**RECORDS FOR THE TASK**

##############################

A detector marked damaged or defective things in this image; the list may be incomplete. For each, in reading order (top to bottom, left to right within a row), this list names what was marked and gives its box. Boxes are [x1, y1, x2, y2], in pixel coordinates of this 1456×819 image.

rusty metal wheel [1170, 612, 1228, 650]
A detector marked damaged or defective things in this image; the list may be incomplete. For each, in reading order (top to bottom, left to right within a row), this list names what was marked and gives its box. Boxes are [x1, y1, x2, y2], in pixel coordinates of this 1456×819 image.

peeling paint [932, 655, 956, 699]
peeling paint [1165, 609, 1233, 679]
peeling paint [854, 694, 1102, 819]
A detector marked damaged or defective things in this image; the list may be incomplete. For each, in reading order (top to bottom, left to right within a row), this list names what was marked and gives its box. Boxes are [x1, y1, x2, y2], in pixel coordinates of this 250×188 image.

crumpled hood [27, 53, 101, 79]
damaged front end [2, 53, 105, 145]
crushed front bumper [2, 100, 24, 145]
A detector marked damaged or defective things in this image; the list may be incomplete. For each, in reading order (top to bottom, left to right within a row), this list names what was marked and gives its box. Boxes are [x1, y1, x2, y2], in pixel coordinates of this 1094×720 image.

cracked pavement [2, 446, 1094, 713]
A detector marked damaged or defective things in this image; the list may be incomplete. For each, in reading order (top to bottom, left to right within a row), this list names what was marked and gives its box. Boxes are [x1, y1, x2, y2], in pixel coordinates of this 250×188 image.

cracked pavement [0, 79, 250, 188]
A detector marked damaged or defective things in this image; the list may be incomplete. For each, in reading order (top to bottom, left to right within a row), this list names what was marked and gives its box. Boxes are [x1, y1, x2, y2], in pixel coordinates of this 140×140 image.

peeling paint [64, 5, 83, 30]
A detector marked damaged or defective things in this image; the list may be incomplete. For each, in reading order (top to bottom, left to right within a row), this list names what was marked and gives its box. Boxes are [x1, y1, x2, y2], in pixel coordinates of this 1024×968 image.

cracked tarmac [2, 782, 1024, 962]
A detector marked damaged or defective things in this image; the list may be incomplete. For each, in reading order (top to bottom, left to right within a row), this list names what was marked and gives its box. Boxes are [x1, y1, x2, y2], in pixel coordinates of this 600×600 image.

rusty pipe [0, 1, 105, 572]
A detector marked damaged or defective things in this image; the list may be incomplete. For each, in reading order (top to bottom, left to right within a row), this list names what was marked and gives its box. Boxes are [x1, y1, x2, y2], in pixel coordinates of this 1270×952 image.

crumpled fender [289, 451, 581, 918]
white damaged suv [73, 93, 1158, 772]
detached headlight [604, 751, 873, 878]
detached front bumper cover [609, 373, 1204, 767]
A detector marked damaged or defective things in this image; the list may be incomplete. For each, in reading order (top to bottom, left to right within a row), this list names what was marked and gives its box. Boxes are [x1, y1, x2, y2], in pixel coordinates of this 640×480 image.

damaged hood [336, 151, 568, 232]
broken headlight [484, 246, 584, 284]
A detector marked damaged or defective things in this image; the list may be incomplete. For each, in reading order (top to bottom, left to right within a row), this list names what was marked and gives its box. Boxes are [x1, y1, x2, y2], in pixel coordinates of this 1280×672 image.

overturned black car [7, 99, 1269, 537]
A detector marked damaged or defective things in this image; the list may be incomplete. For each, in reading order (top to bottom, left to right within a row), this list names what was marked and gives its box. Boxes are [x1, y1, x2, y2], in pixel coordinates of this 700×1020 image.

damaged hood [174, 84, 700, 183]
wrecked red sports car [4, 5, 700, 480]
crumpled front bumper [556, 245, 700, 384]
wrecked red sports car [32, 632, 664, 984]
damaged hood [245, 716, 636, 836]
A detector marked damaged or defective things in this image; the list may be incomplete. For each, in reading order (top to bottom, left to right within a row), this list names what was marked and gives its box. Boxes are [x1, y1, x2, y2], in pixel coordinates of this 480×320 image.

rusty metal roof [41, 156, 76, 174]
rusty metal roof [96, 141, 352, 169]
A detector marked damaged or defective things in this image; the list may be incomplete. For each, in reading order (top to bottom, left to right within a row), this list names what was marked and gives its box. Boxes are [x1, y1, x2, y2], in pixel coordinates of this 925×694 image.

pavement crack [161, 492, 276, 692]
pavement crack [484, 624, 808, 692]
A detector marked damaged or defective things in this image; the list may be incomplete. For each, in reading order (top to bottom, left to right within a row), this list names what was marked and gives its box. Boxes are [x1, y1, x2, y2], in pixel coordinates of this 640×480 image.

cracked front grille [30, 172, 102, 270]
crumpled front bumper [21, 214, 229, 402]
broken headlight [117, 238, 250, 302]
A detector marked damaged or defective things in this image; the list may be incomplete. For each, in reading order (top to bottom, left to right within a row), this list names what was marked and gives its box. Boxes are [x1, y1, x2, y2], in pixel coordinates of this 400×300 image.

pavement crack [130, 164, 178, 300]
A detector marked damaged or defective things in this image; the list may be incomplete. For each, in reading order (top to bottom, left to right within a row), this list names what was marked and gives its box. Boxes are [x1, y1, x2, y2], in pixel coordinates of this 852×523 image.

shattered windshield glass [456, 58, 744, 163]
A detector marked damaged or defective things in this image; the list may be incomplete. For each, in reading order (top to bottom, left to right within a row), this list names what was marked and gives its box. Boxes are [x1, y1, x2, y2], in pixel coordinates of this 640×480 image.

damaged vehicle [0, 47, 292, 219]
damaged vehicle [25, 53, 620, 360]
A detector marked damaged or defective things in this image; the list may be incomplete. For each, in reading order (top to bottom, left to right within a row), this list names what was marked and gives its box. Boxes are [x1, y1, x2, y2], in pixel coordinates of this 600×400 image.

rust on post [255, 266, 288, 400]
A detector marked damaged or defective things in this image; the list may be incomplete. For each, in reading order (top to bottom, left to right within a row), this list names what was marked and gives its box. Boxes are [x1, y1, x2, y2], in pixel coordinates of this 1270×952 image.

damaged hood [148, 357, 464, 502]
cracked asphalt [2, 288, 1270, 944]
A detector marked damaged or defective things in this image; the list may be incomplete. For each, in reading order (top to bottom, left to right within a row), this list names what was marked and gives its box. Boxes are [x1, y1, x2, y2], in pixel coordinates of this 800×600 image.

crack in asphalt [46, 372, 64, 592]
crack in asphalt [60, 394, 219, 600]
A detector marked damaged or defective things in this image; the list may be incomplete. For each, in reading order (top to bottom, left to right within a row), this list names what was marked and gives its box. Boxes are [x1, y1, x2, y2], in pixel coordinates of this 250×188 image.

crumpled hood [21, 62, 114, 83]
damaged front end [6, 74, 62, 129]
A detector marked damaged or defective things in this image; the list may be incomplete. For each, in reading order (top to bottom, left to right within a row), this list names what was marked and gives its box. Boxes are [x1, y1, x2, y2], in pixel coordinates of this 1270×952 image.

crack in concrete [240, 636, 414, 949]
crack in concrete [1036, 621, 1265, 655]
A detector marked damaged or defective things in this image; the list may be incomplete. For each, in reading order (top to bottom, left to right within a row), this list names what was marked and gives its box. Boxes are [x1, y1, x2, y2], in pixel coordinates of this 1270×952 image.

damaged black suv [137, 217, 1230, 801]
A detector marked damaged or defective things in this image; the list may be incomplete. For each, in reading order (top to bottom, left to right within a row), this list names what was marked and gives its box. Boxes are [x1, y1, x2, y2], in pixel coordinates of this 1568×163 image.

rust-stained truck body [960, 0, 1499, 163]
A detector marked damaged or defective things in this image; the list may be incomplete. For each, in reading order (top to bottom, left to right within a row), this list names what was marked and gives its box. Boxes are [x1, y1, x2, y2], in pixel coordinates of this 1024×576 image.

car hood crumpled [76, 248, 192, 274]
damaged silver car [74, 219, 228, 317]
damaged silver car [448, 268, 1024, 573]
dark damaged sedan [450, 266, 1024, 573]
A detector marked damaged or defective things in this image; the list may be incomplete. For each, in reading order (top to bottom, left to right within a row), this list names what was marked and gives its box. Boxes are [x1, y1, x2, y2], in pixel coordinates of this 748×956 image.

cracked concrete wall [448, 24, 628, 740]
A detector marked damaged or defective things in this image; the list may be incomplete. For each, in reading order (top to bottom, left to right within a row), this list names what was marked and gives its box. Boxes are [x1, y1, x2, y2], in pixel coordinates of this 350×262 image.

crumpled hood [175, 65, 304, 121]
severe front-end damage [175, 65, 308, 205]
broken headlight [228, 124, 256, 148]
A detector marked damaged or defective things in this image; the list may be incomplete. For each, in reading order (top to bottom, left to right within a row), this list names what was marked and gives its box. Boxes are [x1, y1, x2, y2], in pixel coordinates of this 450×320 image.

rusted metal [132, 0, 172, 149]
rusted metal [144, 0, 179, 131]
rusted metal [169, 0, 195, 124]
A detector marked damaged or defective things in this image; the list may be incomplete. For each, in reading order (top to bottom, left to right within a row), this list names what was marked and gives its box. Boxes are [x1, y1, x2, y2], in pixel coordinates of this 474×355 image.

##############################

**TASK BRIEF**
An exact repeat of the lines from the one containing "this 450×320 image." through the final line above, both included, is the whole answer.

**RESPONSE TO THE TASK**
A detector marked damaged or defective things in this image; the list may be incomplete. For each, in reading order (top to bottom, left to right within a row), this list names what was marked and gives its box. Boxes are [x1, y1, x2, y2], in pixel coordinates of this 450×320 image.

rusted metal [132, 0, 172, 149]
rusted metal [144, 0, 179, 131]
rusted metal [169, 0, 195, 124]
A detector marked damaged or defective things in this image; the list may be incomplete. For each, in reading order (top to bottom, left to right within a row), this list names what was marked and gives its box. Boxes are [x1, y1, x2, y2], in pixel coordinates of this 474×355 image.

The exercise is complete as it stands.